FITZ’s FISH STEW
- 1/3 lb Fish per Person – eg Ahi, Mahi, Ono, snapper (choose 3)
- 1 Onion
- 1 clove of garlic per piece of fish
- 1 sliced tomato
- red and green bell peppers
- clam juice
- parsley, chopped
- cayenne (just a little)
- parsley or cilantro to garnish
- salt and freshly ground pepper to taste
Rub fish with grated onion and garlic. Layer fish in a stew pot with sliced tomatoes, cucumber and red and green bell peppers. Let this stand for a few hours. Pour on bottled clam juice and sprinkle on chopped parsley. Cook until the fish is done. This an be done a day ahead. Re-heat carefully and do not overcook.
Serve in a shallow bowl and cooked brown rice that has grated carrot cooked in it. A chunk of boiled sweet potato on the side, garnish with fresh cilantro or parsley and offer hot sauce on the side.
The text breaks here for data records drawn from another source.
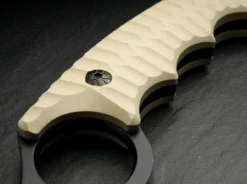 Magnum Spike Karambit 8 Magnum Spike Karambit -Messer Discounter magnum spike karambit 02sc028 4 1280x1280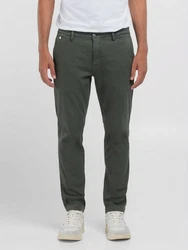 Replay Chinohose Benni 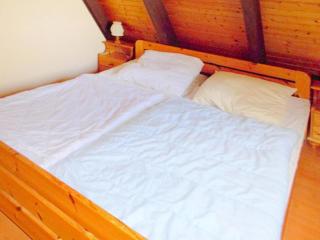 Ferienhaus, Burhave - 4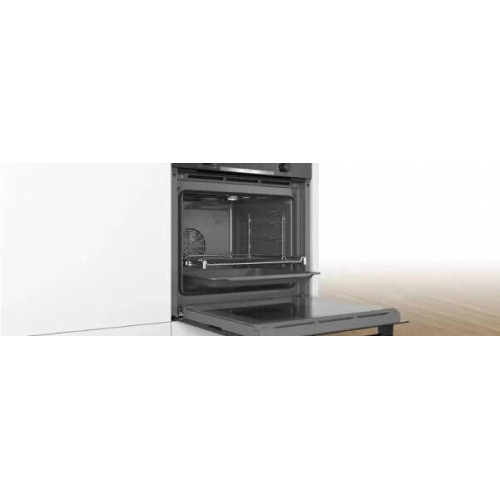 Духовой шкаф Bosch HBT537FB0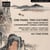 One Piano, Two Cultures - Early Piano Works by Contemporary Chinese Composers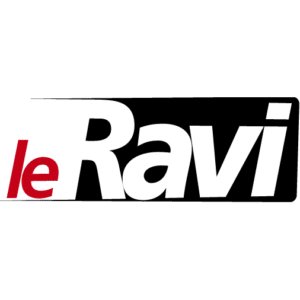 logo le ravi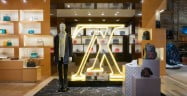 POP-UP1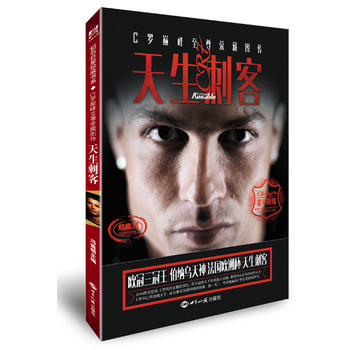 �����̿ͣ�C�_�p������s�؈D�����S����ٛ(z��ng) ����C�_����(gu��)�W�ޱ��o(j��)�+2016�W�ڹ�܊C�_�s�ش󺣈�(b��o)��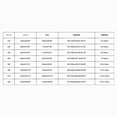 thumbnail image 4 of TOWED22 Boys Girls Robe Fleece Hooded Soft Toddler Bathrobe Cute Boys Bathrobe Fuzzy Plush Robes for Kids(White,11-12 Y), 4 of 7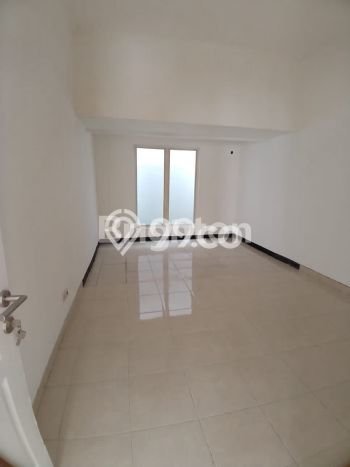 Rumah Modern 3 Kamar LT 126m2 di Tanah Sareal Rumah Modern 3 Kamar LT 126m2 di Tanah Sareal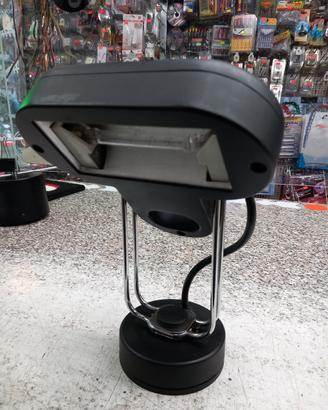 lampada a led
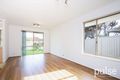 Property photo of 20A Abraham Place Murdoch WA 6150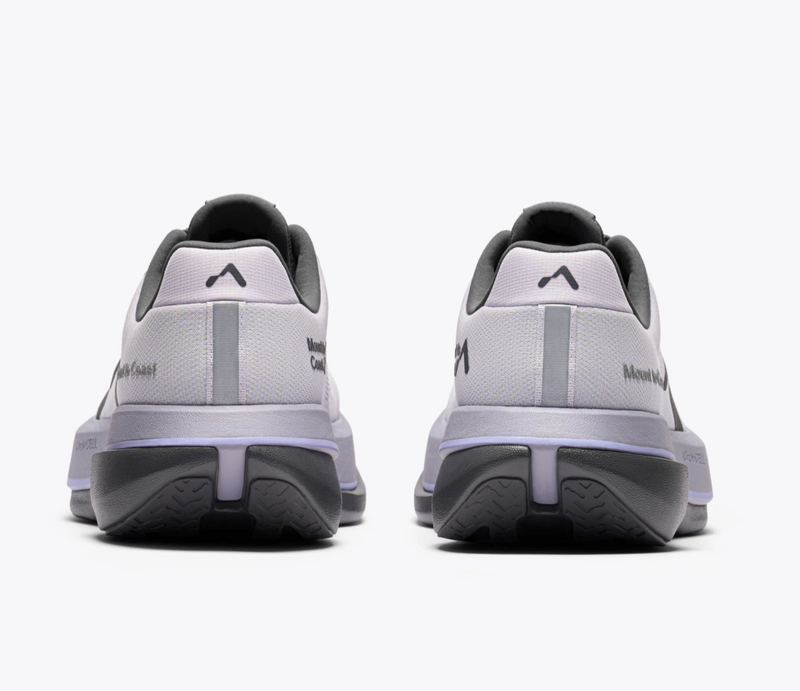 Women's Mount To Coast C1
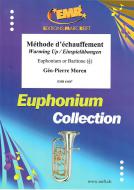 Méthode d'échauffement Download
NOTES : Well, this recipe has a lot of history. It came from a dear friend of ours on the island of Montserrat in the British West Indies. His name is Fitzroy and I don’t know what in the world has become of him. He prepared this fish stew for us, our family and friends many times. He even visited us in Michigan and prepared it for about 50 of our friends. It was a wonderful evening full of Caribbean spirit and what else?? Rum !!!